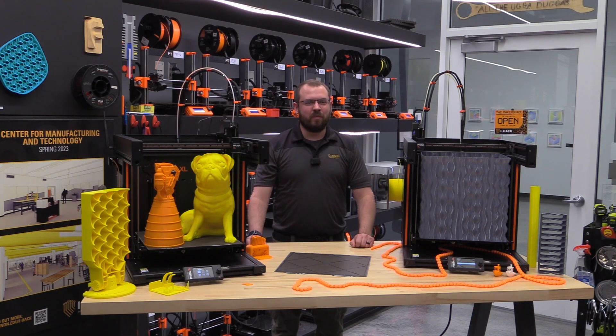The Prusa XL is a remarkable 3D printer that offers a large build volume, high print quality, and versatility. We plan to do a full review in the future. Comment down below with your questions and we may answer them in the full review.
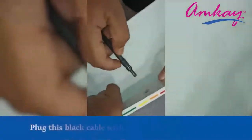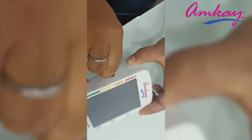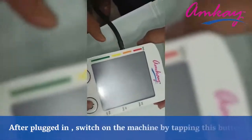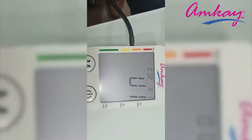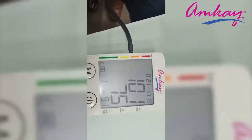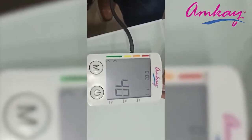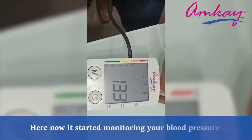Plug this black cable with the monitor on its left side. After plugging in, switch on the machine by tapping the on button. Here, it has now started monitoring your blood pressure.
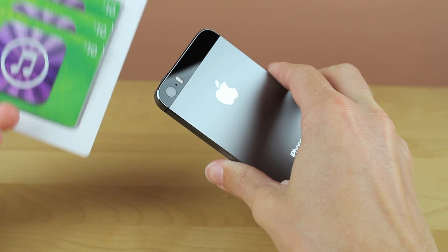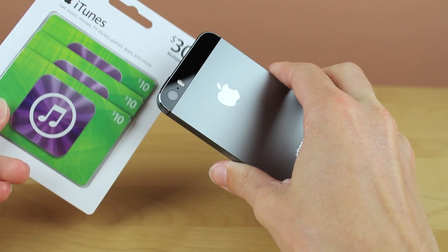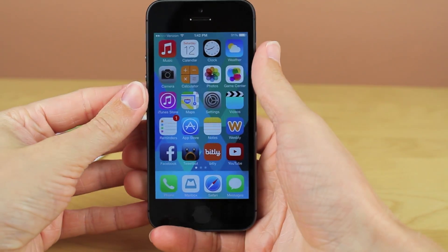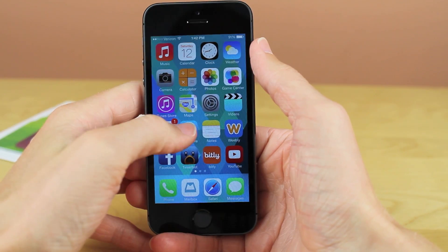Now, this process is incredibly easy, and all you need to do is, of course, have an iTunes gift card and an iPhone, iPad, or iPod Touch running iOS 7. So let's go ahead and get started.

————————

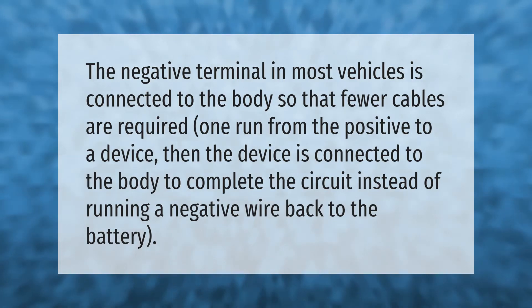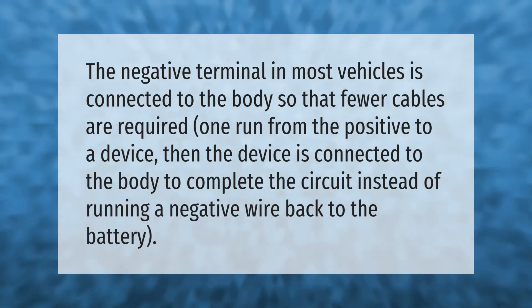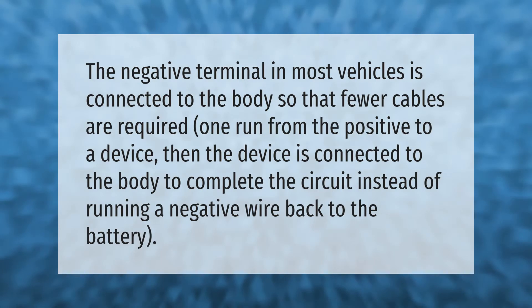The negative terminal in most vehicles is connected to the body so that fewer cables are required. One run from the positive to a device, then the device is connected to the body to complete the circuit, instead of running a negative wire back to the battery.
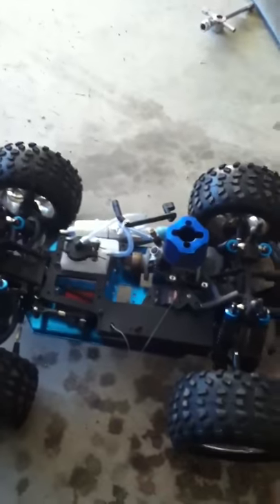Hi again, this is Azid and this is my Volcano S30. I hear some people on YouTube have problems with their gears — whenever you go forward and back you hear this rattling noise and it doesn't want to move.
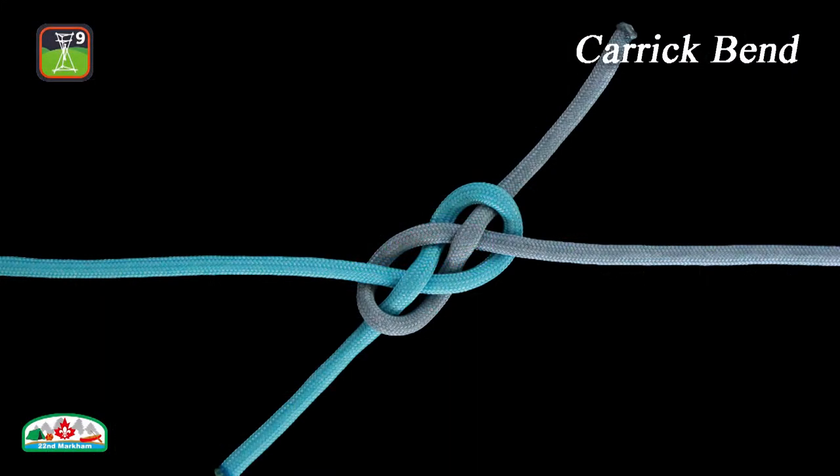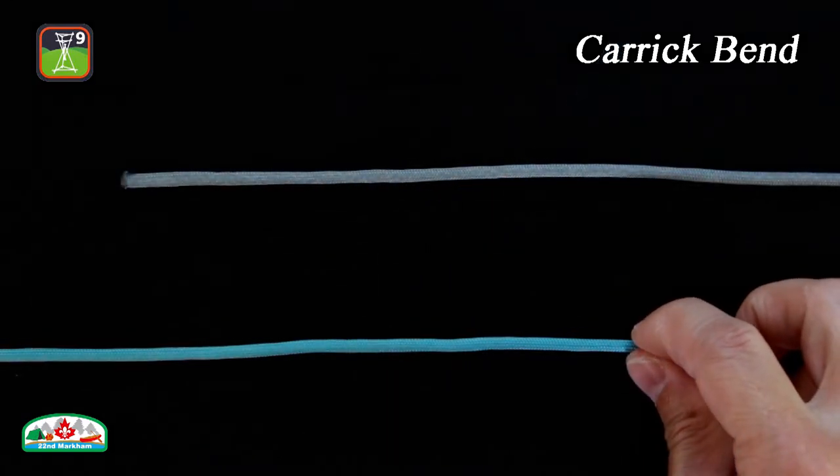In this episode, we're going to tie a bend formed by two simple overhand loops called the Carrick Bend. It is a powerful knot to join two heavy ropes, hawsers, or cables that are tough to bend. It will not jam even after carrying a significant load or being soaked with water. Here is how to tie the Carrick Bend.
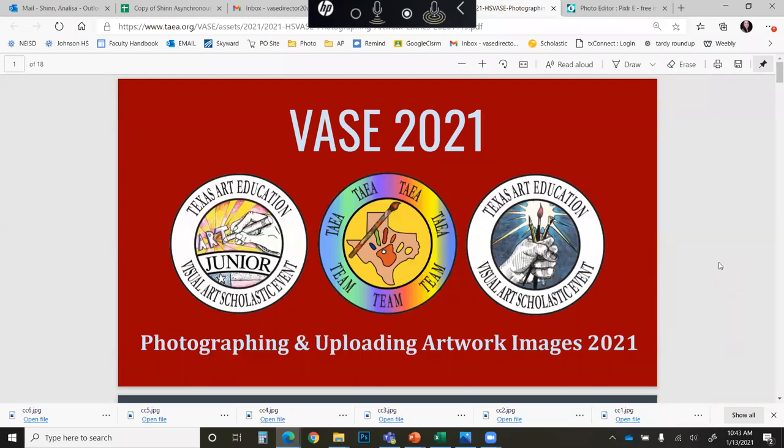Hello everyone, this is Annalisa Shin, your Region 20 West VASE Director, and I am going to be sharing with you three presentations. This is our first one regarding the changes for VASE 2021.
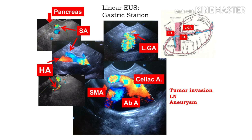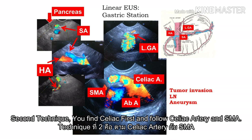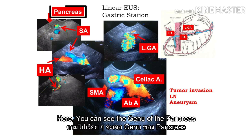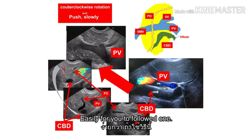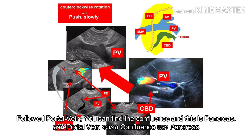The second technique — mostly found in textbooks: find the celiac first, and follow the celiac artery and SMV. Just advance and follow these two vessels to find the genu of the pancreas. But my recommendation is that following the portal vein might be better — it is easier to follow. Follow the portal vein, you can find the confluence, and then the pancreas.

————————

Reproduce the data above exactly, but only the lines from the one showing "In this episode, we're" through the one showing "Hello everyone, this", with both ends kept and the pictures left out.

• **Your response**
In this episode, we're going to tie a bend formed by two simple overhand loops called the Carrick Bend. It is a powerful knot to join two heavy ropes, hawsers, or cables that are tough to bend. It will not jam even after carrying a significant load or being soaked with water. Here is how to tie the Carrick Bend.
Hello everyone, this is Annalisa Shin, your Region 20 West VASE Director, and I am going to be sharing with you three presentations. This is our first one regarding the changes for VASE 2021.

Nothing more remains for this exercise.